A number of coplanar forces act at various points of a rigid body. Prove that, if the vector sum of the forces is zero, the system is equivalent to a couple; and that if, in addition, the moment of the system about one point of the plane is zero, then the system is in equilibrium. Forces proportional to the sides act at the mid-points of the sides of a simple polygon, the forces being perpendicular to the sides and directed inwards. Prove that the system is in equilibrium.
A region of a plane, bounded by a simple closed curve, is rotated about a line in the plane; the line does not intersect the region. Prove that the volume of the ring-shaped solid so formed is the product of the area of the region and the length of the path of its centroid. A semicircular area, of radius \(a\), is rotated about a line in its plane parallel to, and at a distance \(b\) from, the bounding diameter: the axis of rotation is on the side of the diameter remote from the semicircle. Prove that the volume of the solid so formed is \(\frac{1}{2}\pi a^2(3\pi b+4a)\). Also determine the area of the surface of the solid.

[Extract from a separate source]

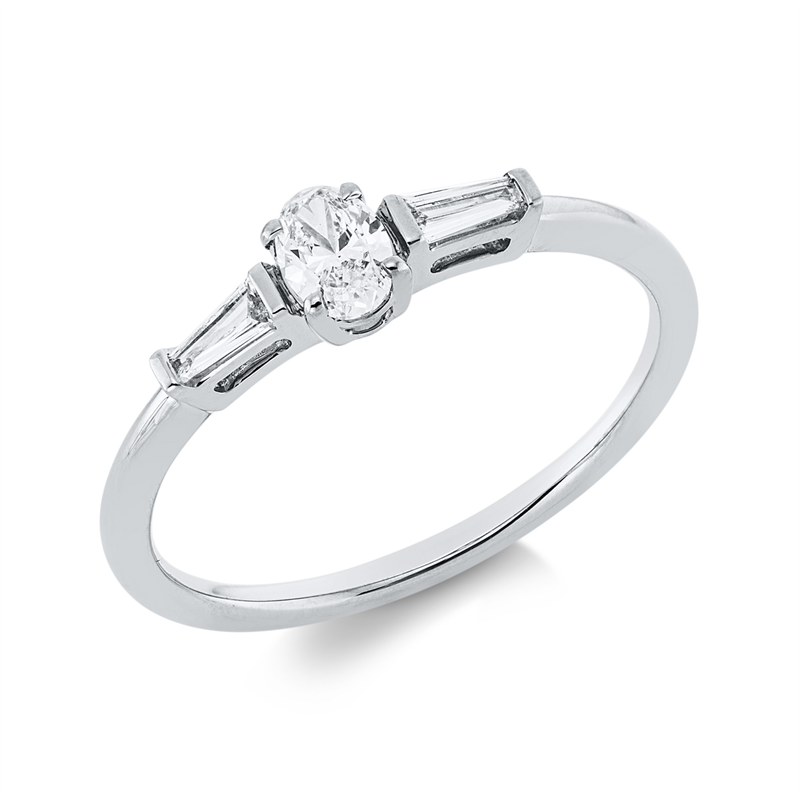Solitaire mit Besatz Ring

A uniform heavy inelastic string hangs over a circular cylinder of radius \(a\) which is fixed with its axis horizontal. The string lies in a plane perpendicular to the axis of the cylinder, and the lengths of the straight pieces of the string hanging on either side are \(l\) and \(l'\), where \(l > l'\). The coefficient of friction is unity, and the string is on the point of slipping. Prove that \(l' = a+(a+l)e^\pi\).
Find the form in which a uniform heavy inelastic string hangs under gravity. The ends A, B of a uniform string, of length \(2b\) and weight \(W\), are held at the same level, and the sag in the middle is \(h\). Prove that the tension at either end is \[ \frac{b^2+h^2}{4bh} W. \] Prove also that the distance from A to B is \[ \frac{b^2-h^2}{h}\log\frac{b+h}{b-h}. \]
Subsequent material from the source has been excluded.